In the digital phase control circuit according to the fourth aspect of this invention, each of the M primary delay buffers, the N secondary delay buffers, and the N first-stage delay buffers may have a single-phase configuration or a differential configuration. In the differential configuration, the first delay line produces first though M-th primary differential clock signal pairs as the first through the M-th primary delay output signals, and the first selection circuit produces a selected primary differential clock pair as the selected primary delay output signal. The digital phase control circuit further may comprise a switching circuit for switching inversion and non-inversion of the selected primary differential clock signal pair to produce a passed primary differential clock signal pair which is supplied to the second selection circuit.
According to a fifth aspect of this invention, a delay locked loop comprises a delay buffer train comprising a plurality of delay buffers which are chained with each other in a ring-shaped fashion and means for configuring a delay line comprising one of the delay buffers or successive delay buffers.

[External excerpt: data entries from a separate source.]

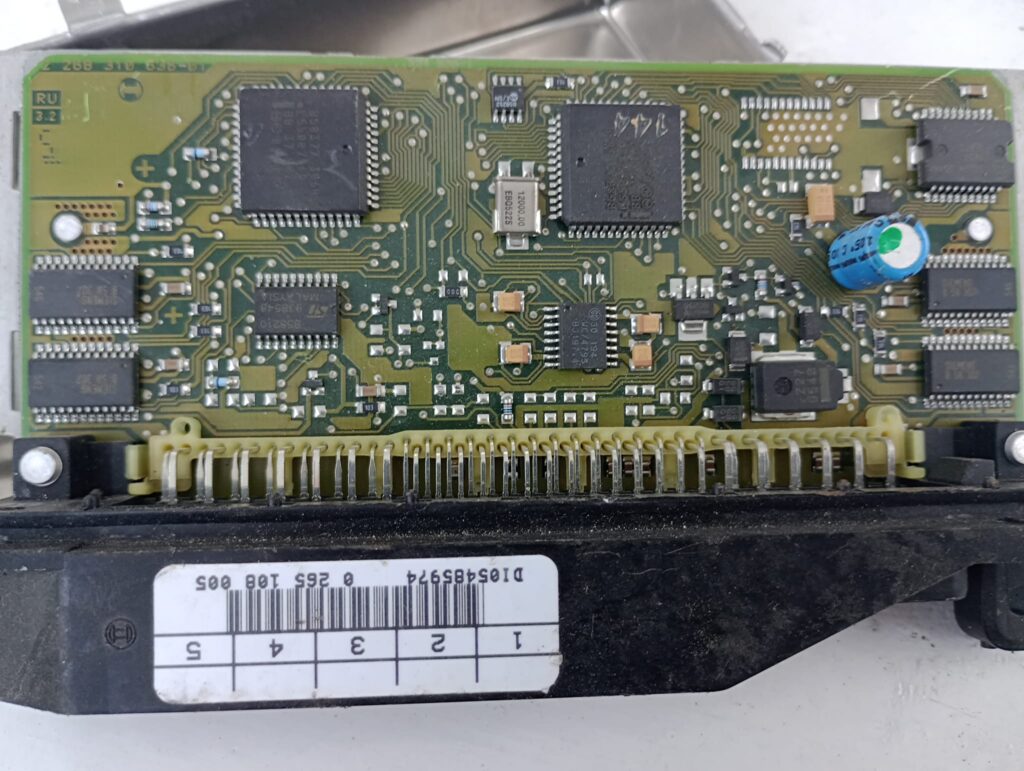 Co to jest sterownik ABS? Objawy awarii i naprawa sterownika ABS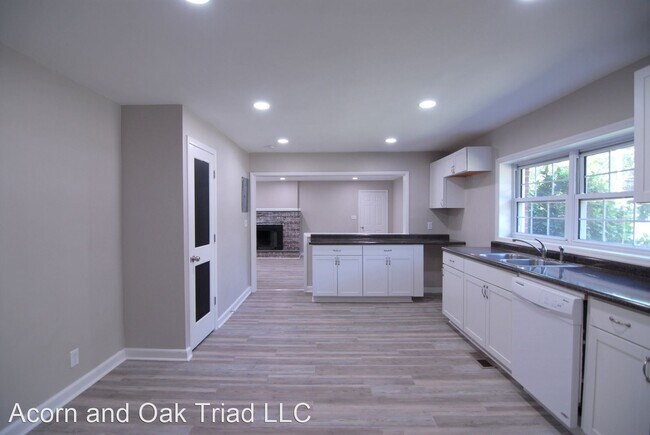 Building Photo - 3 br, 3 bath House - 2500 N Centennial Ave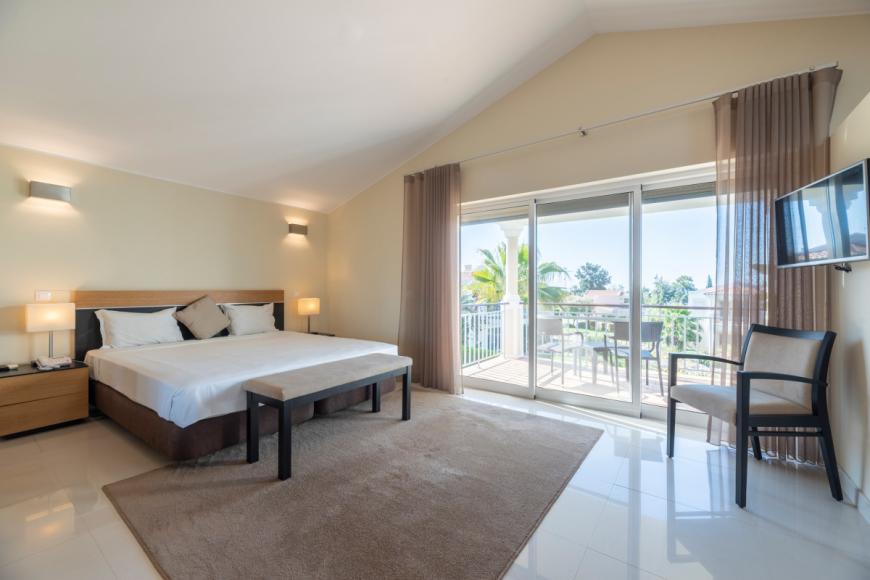 5 Sterne Familienhotel: Vale da Lapa Village Resort - Carvoeiro, Algarve, Bild 10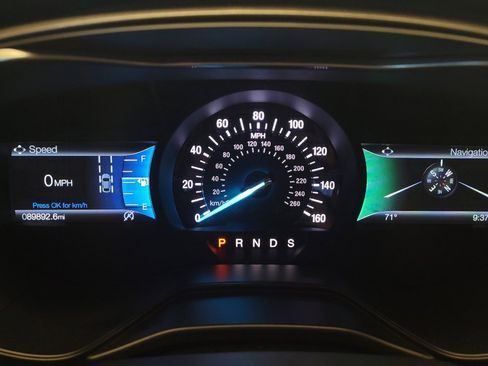 Used 2019 Ford Fusion SE FWD image 23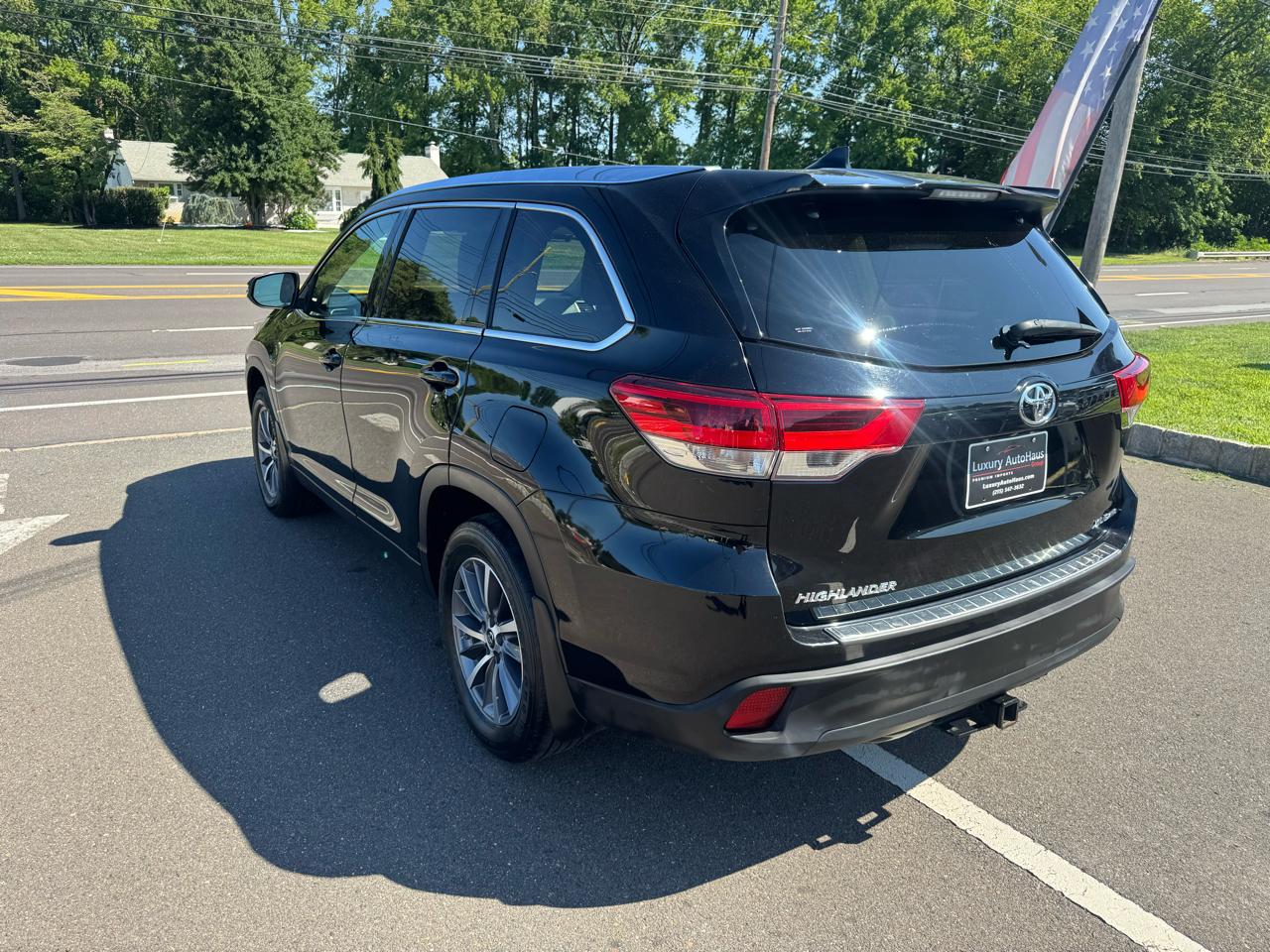 Toyota Highlander XLE V6 AWD (Natl) 2019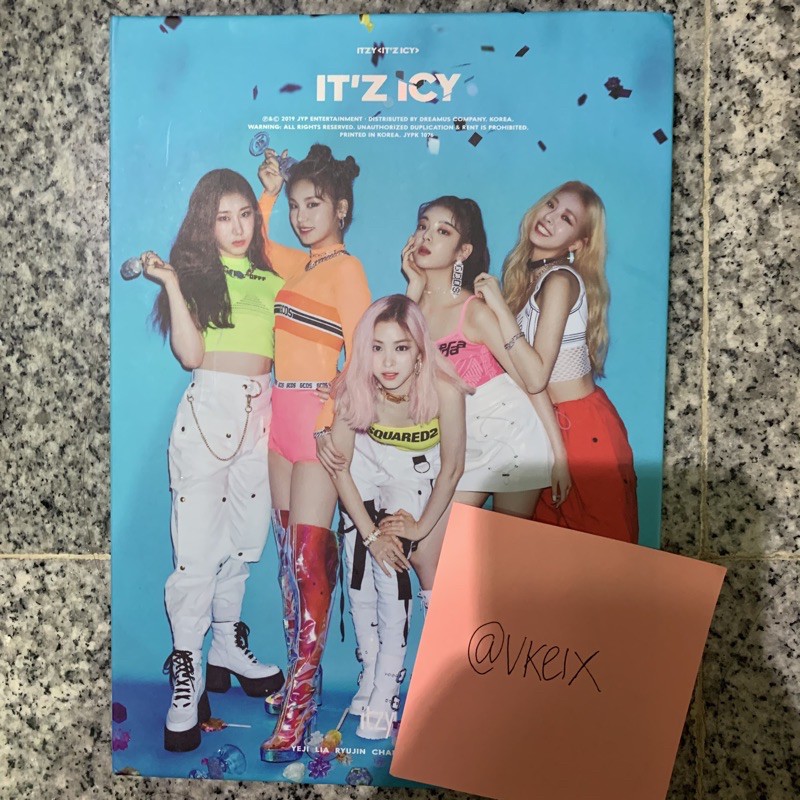 ALBUM ITZY IT’Z ICY YUNA (IT’Z Ver) COVER YUNA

According to a sixth aspect of this invention, a delay locked loop comprises a delay buffer train comprising a plurality of delay buffers which are chained with each other in a ring-shaped fashion, means for activating a delay line comprising a predetermined number of the delay buffers which circulate in the delay buffer train in position, and means for detecting a phase difference between an input signal and an output signal of the delay line to feedback control the delay line.
According to a seventh aspect of this invention, a delay locked loop comprises a delay buffer train comprising a plurality of delay buffers which are chained with each other in a ring-shaped fashion, a selection circuit for selecting one of the delay buffer as a selected delay buffer to be first supplied with a clock signal, and means for feedback controlling a delay line comprising the selected delay buffer and successive delay buffers following the selected delay buffer in the delay buffer train.
In the delay locked loop according to each of the fifth through the seventh aspects of this invention, the delay locked loop further may comprise means for cutting off propagation of a signal flowing in the delay buffer train.